Absinthe?, she asked. Gin? Rum? Vodka? She worked her way through every clear spirit she could think of, and finally said, “Well, then, what is it?”

“Where are we?” I asked her.

“Casa Mezcal.”

“So what am I drinking?”

“I don’t know!”

When I told her it was mezcal, she said, “Oh. I didn’t know you could drink that neat.”

But you can drink vodka neat?

My point is, the vast majority of the drinking public has never heard of mezcal, let alone knows how it is made or even what it is made from. And the majority who have heard of it assume it’s that yellow stuff with the worm in it. But agave? They know what agave is — that’s the alternative sweetener that’s healthy for you. So why fight an uphill battle with “mezcal”? Why spend a year’s wages getting your palenque certified, and put yourself in a position where it makes more economic sense to increase your batch size (due to the per-batch charge for certification), only to be identified with Gusano Rojo? Especially when you can identify with this brand “agave” that’s better known and perceived in a much better light?

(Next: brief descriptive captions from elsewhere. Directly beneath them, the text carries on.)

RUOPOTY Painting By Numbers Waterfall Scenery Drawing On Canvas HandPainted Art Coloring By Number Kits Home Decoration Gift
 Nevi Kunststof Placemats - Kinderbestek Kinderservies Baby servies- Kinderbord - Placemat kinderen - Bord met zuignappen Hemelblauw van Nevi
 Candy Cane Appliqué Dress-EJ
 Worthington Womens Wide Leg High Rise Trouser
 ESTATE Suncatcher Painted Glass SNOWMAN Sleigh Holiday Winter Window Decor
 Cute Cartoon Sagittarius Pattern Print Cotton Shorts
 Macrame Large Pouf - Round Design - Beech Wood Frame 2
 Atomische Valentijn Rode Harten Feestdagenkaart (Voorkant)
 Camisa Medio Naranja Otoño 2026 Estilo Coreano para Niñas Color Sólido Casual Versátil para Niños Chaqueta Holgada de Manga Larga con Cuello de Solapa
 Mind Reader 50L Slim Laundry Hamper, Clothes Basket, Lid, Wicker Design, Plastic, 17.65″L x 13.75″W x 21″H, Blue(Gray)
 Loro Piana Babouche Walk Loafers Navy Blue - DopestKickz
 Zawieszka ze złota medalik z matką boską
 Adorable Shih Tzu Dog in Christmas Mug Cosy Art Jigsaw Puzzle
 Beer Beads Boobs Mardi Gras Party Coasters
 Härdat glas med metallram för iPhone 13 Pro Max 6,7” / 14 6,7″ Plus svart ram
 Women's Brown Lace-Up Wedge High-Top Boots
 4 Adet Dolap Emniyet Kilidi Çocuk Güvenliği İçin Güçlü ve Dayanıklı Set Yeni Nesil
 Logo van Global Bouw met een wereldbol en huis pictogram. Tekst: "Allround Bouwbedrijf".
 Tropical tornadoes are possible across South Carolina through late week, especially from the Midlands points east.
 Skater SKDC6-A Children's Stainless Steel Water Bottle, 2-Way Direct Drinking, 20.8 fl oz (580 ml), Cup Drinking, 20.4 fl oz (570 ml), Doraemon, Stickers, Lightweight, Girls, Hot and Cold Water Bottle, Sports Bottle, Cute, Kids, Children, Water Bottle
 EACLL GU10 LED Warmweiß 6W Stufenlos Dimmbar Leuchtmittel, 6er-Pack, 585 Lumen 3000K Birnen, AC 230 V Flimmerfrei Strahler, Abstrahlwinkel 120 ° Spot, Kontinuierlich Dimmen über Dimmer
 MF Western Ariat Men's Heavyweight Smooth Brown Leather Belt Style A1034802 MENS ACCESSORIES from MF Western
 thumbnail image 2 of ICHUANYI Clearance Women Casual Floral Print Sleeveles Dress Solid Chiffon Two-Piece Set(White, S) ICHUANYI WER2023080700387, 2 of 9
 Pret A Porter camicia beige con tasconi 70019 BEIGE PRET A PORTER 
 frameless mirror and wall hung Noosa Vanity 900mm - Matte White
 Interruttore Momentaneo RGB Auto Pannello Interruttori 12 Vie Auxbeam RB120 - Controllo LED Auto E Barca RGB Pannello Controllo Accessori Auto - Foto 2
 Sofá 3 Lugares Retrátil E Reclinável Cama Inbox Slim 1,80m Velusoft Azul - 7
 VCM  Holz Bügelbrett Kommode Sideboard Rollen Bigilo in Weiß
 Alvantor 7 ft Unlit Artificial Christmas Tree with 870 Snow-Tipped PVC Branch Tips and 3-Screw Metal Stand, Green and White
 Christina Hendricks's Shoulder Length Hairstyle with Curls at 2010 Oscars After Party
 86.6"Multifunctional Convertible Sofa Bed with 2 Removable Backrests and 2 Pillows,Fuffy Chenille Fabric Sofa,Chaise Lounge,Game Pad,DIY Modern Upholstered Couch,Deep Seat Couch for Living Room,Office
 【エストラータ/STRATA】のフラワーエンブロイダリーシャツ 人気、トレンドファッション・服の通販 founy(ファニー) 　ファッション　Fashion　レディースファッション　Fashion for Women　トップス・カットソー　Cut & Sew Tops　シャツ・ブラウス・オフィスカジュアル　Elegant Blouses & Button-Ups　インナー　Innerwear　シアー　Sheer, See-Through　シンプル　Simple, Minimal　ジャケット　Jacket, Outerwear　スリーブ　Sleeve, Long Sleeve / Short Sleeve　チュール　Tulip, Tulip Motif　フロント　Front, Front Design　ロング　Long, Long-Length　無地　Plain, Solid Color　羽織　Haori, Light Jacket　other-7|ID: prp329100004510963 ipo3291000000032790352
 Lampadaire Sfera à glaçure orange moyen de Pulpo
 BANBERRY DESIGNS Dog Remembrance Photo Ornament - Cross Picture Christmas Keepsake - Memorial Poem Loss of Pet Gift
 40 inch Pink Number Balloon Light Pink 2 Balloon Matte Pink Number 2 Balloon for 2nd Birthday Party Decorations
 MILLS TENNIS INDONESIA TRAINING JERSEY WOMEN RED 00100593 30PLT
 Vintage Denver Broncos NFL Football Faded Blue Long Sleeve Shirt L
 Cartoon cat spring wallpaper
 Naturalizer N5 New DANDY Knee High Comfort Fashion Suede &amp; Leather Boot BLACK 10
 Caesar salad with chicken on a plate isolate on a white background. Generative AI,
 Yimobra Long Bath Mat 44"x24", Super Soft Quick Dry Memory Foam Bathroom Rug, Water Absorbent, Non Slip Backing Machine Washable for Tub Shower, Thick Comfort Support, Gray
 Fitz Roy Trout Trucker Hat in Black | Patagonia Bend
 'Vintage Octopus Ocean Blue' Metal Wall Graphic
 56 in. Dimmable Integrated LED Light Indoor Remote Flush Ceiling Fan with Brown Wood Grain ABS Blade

Let Gusano Rojo and Monte Alban be “mezcal.” Call your traditional and artisanal agave spirits “destilado de agave” in Mexico and “agave spirits” in the English-speaking world. Mexico will never own the word “agave” — they can’t, the plant is growing all over the world.

Again, I appreciate that I can’t appreciate how it must feel to have such a cherished word plucked from the Mexican vocabulary. But what I do appreciate is that you just exacerbate the harm done when you continue to support the very corporations who stole the word in the first place.

Max co-founded Mezcalistas with Susan way back in 2012. Before that he was a journalist at Salon.com and The San Francisco Chronicle.


  • Rimas Sidrys
    February 16, 2017

    Ohhhh, so painful to let it go. The meaning of the word, the history behind it…even the way it sounds and looks – such a shame.

    You make a strong argument though. It’s one of adapting to the reality of the situation. The problem is that as “agave” spirits grow in popularity, the corp giants are only going to continue to gain power and influence over this matter. Perhaps it is time to change the strategy and focus on a battle where there is a greater chance of victory as you are proposing.